Anonymize node

In Synthetic Data Generator, you can use the Anonymize node to mask sensitive data by replacing it with an artificial, yet realistic, dataset.

Description: The Anonymize node in a Synthetic Data Generator flow protects sensitive information within the dataset by replacing it with artificial data. The artificial data looks realistic enough to be used in the place of actual data. This helps maintain privacy while preserving the usefulness of the dataset for generating synthetic data.
Using the node: The Anonymize node usually comes after the Import node in the Synthetic Data Generator flow. It takes the source data and anonymizes the columns that you select. The anonymized values are then used for all downstream nodes in place of the actual data.; You only need one Anonymize node in your Synthetic Data Generator flow to mask the source data. You can select any of the available columns in the one node.
Mandatory or optional: The Anonymize node is optional, but it's highly recommended when dealing with sensitive data to ensure privacy compliance. This node might be required if you plan to share or use the dataset outside controlled environments and need to protect individual privacy.

Scripting with the Anonymize node

You can use scripting languages, like Python, to progammatically set properties for nodes.

Anonymize node properties

The following properties are specific to the Anonymize node. For information about common node properties, see Properties for flows and nodes.

All node properties in an Anonymize node are structured properties in addition to their other data types.

Table 1. Node properties for scripting
Property name	Data type	Property description
`enable_anonymize`	Flag	Set to `True` to activate anonymization of field values (equivalent to selecting Yes for that field in the Anonymize Values column).
`use_prefix`	Flag	Set to `True` to use a custom prefix that you specify. Applies to fields that will be anonymized by the Hash method. It is equivalent to choosing the Custom option in the Replace Values settings for that field.
`prefix`	String	The custom prefix that you want to use. It is equivalent to typing a prefix into the text box in the Replace Values settings. The default prefix is the default value if nothing else has been specified.
`transformation`	Random, Fixed	Determines whether the transformation parameters for a field anonymized by the Transform method will be random or fixed.
`set_random_seed`	Flag	When set to `True`, the specified seed value will be used if `transformation` is also set to `Random`.
`random_seed`	Integer	When `set_random_seed` is set to `True`, this is the seed for the random number.
`scale`	Number	When `transformation` is set to `Fixed`, this value is used for "scale by." The maximum scale value is normally 10, but you can reduce it to avoid overflow.
`translate`	Number	When `transformation` is set to `Fixed`, this value is used for "translate." The maximum translate value is normally 1000, but you can reduce it to avoid overflow.

Example

The following is an example of the properties used in a scriipt.

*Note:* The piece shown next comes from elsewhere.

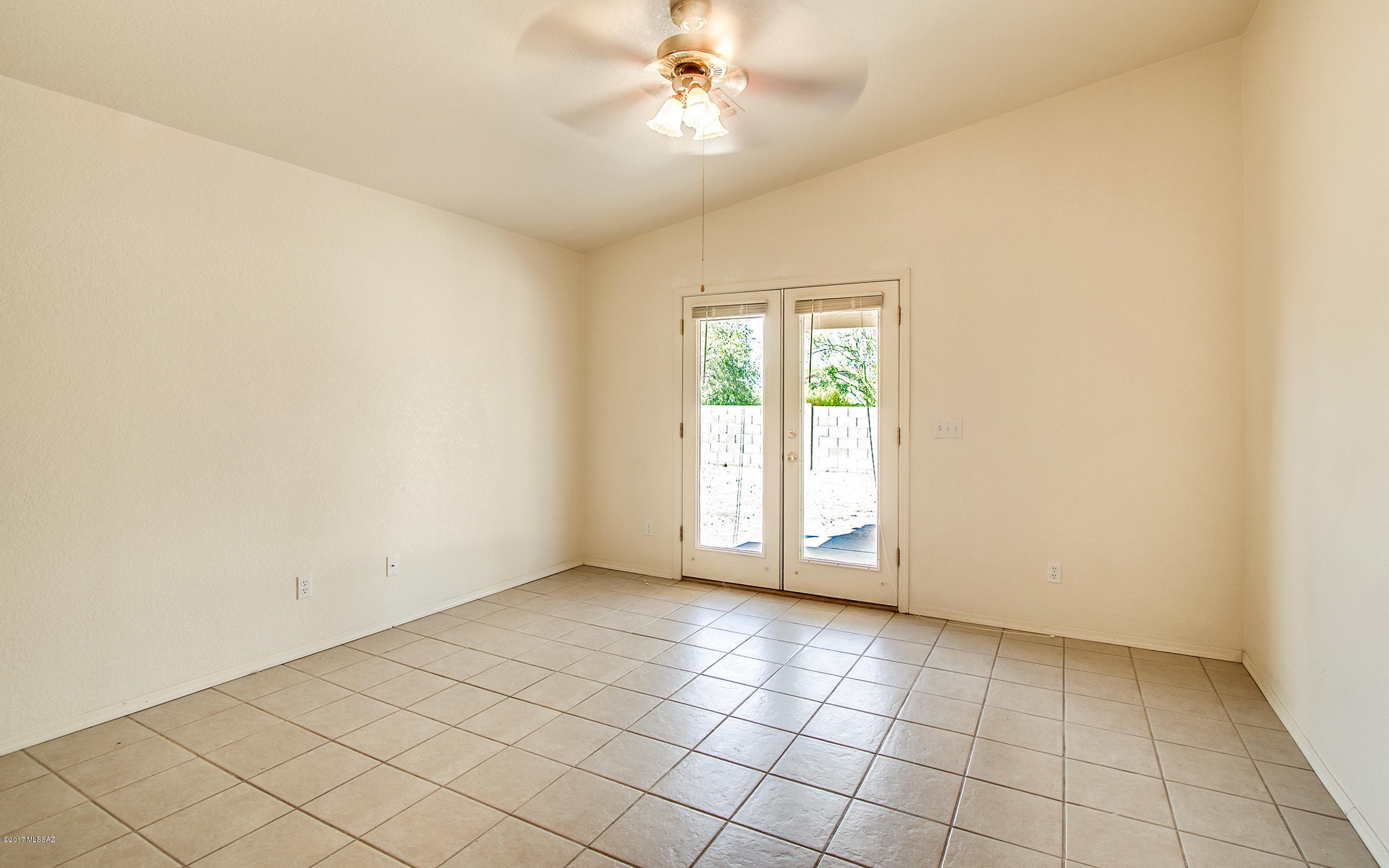 Rincon Shadows (1-47) - Residential
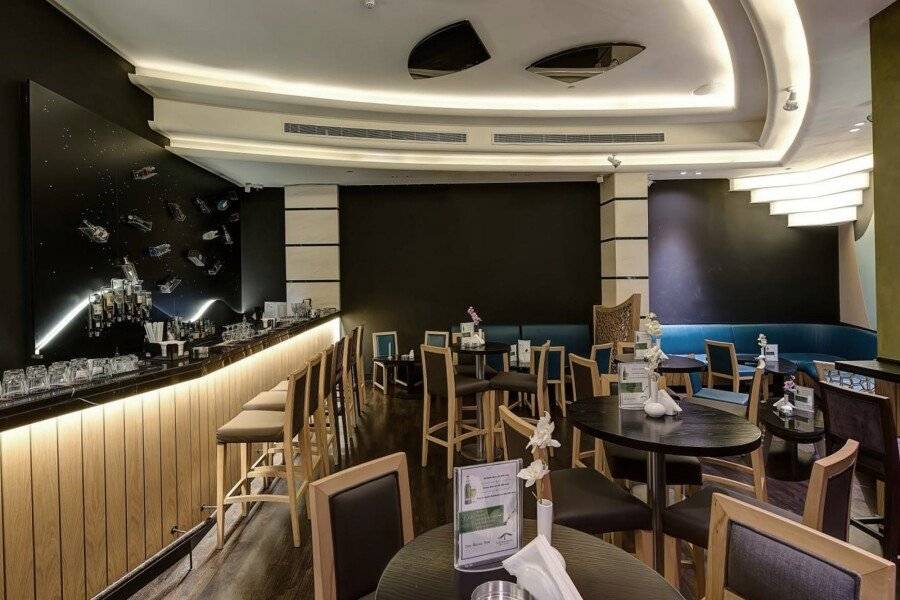 Raintree Rolla Hotel bar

stream = sdg.script.stream()
typenode = stream.findByID("id42KW3MSA94B")

node = stream.createAt("anonymize", "My node", 192, 96)
stream.link(typenode, node)

# Anonymize node requires the input fields while setting the values
node.setKeyedPropertyValue("enable_anonymize", "Age", True)
node.setKeyedPropertyValue("transformation", "Age", "Random")
node.setKeyedPropertyValue("set_random_seed", "Age", True)
node.setKeyedPropertyValue("random_seed", "Age", 123)
node.setKeyedPropertyValue("enable_anonymize", "Drug", True)
node.setKeyedPropertyValue("use_prefix", "Drug", True)
node.setKeyedPropertyValue("prefix", "Drug", "myprefix")